# PSA 15% off at Tapestry Music coupon



## the5chord (Oct 7, 2011)

Hey, thought I would mention this since it almost never happens in Canada. 15 percent off of in stock non clearance items at tapestry music with the coupon code Canada15.


----------



## garrettdavis275 (May 30, 2014)

Tapestry kicks ass! Awesome place to order from.


----------



## Ti-Ron (Mar 21, 2007)

This is all your fault!!!!

DM-2W ordered!


----------



## GWN! (Nov 2, 2014)

So your the one that got it while I was debating which pedal to get. Looks like they only had one DM-2W in stock.
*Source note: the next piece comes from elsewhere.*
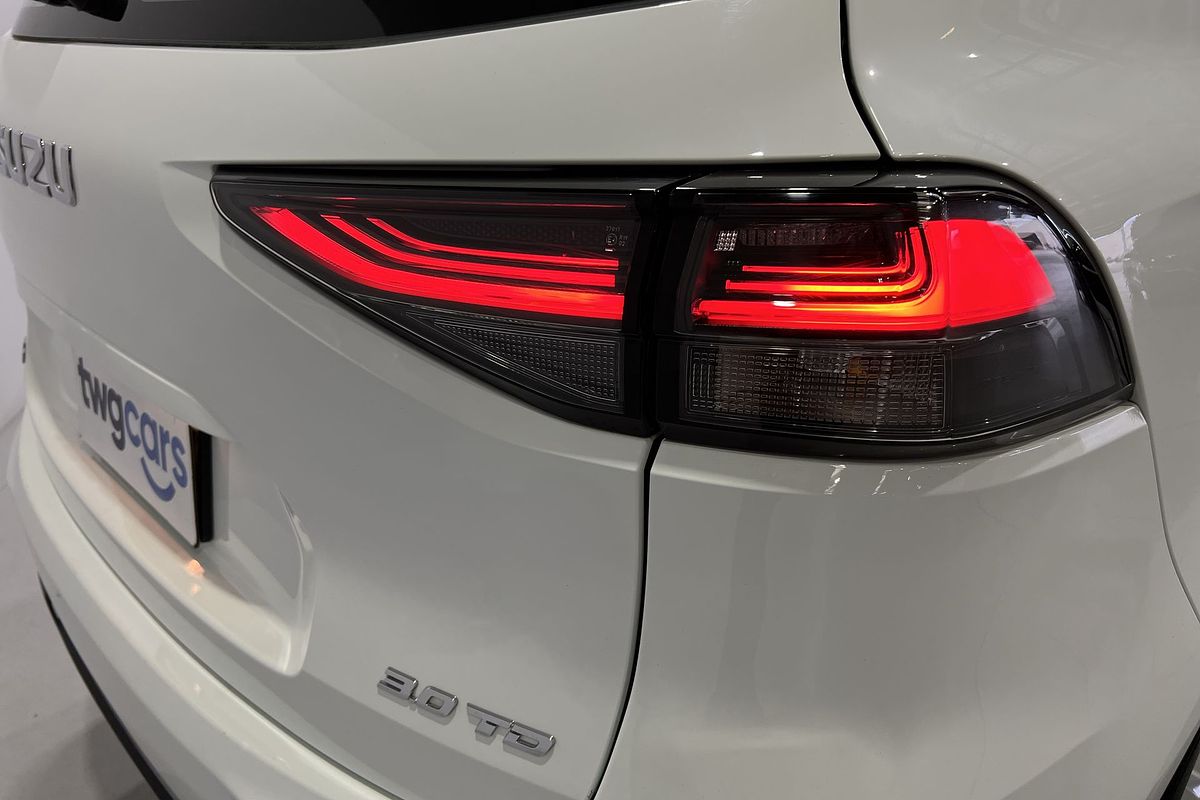 2023 Isuzu MU-X LS-M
Had to settle for my second choice the Vapor Trail.


----------



## bluzfish (Mar 12, 2011)

If you ever are in White Rock and have a chance to visit their store, be prepared for some trouser movement when you view their pedal display case. I believe they also keep a box of tissues handy in the amp section.


----------



## Ti-Ron (Mar 21, 2007)

ohh, so that makes me a lucky bastard! 

Seriously, I looked around the web to compare price and with the discount the pedal was cheaper shipped to my door than buying a new one localy! The vaportrail was the second choice on my list!



GWN! said:


> So your the one that got it while I was debating which pedal to get. Looks like they only had one DM-2W in stock. Had to settle for my second choice the Vapor Trail.


----------



## zurn (Oct 21, 2009)

I bought two WGS Veterans, w00t!


----------



## DavidP (Mar 7, 2006)

Many thanks for this PSA!! I took full advantage of it on a major gear purchase!!


----------



## jayjacque (Sep 2, 2012)

Like all the major U.S. guitar effects dealers they have a lot of companies on the exclusions list. That's not a rap against them, but just to say all those big discounts from U.S. suppliers is not what it's cracked up to be. Their exclusions lists now basically encompass 1/2 to 3/4 the brands they carry. I just counted 39 brands at PGS that won't participate in sales https://proguitarshop.com/exclusions


----------